* [Brief]
For this exercise, copy all the data exactly and include none of the pictures.

(Saved data entries)
• • • • •

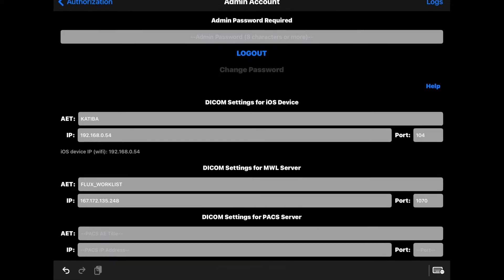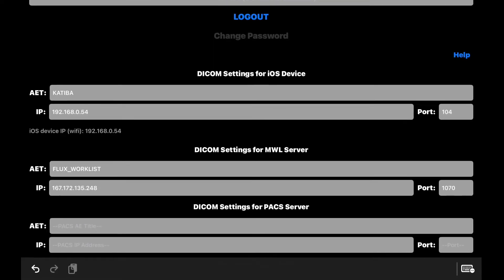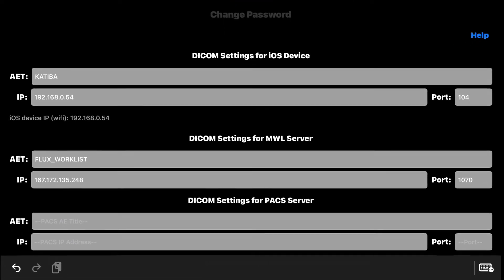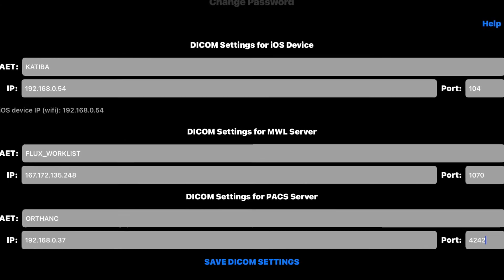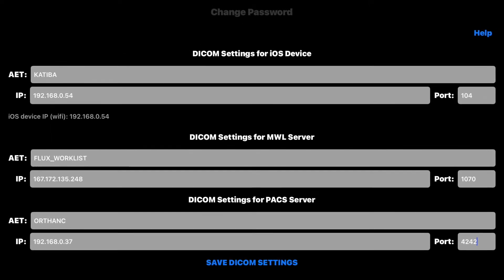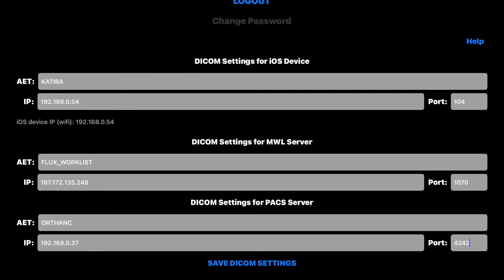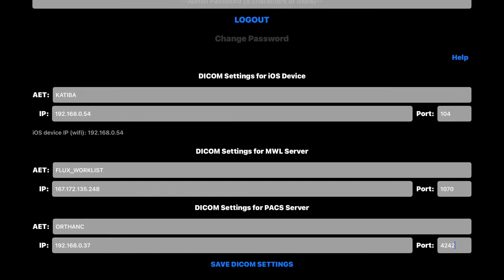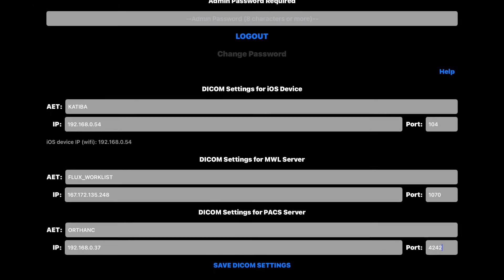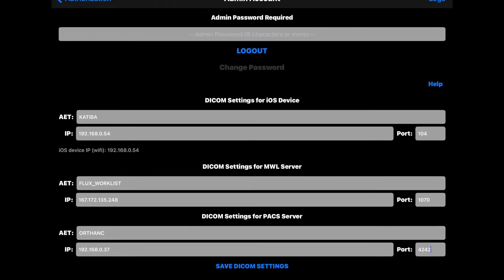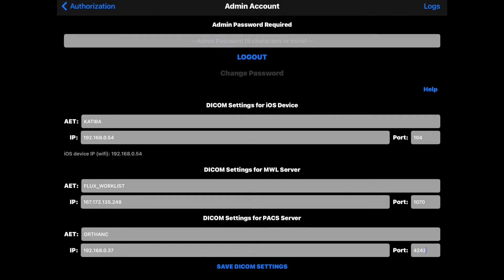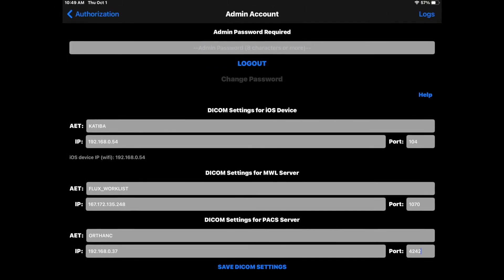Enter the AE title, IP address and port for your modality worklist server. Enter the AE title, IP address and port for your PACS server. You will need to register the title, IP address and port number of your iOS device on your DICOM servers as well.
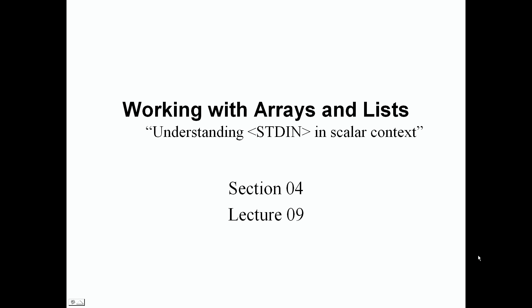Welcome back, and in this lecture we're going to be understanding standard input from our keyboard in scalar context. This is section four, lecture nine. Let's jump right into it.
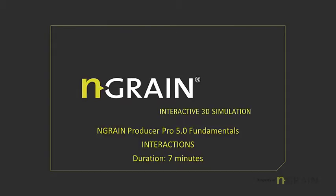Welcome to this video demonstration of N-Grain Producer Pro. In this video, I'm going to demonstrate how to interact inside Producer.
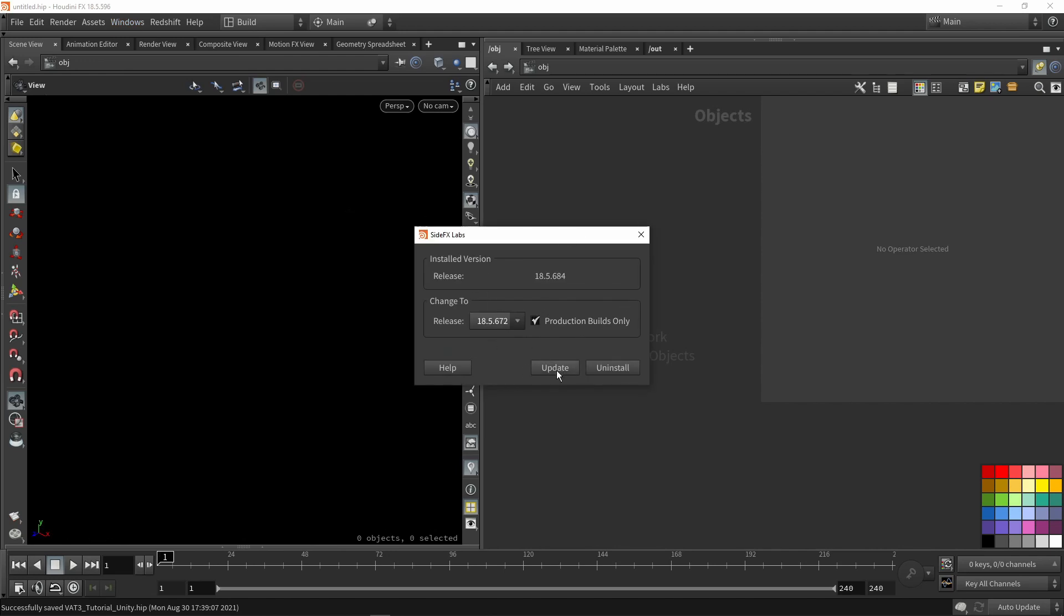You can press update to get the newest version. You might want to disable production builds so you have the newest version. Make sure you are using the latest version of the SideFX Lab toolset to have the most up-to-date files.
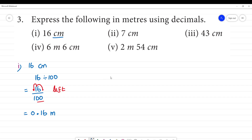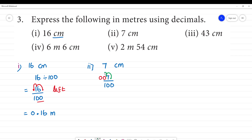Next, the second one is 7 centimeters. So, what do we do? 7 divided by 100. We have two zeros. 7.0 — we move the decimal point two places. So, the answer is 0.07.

• • • • •

* [Exercise answer]
Enter the AE title, IP address and port for your modality worklist server. Enter the AE title, IP address and port for your PACS server. You will need to register the title, IP address and port number of your iOS device on your DICOM servers as well.
Welcome back, and in this lecture we're going to be understanding standard input from our keyboard in scalar context. This is section four, lecture nine. Let's jump right into it.
Welcome to this video demonstration of N-Grain Producer Pro. In this video, I'm going to demonstrate how to interact inside Producer.
You can press update to get the newest version. You might want to disable production builds so you have the newest version. Make sure you are using the latest version of the SideFX Lab toolset to have the most up-to-date files.
Next, the second one is 7 centimeters. So, what do we do? 7 divided by 100. We have two zeros. 7.0 — we move the decimal point two places. So, the answer is 0.07.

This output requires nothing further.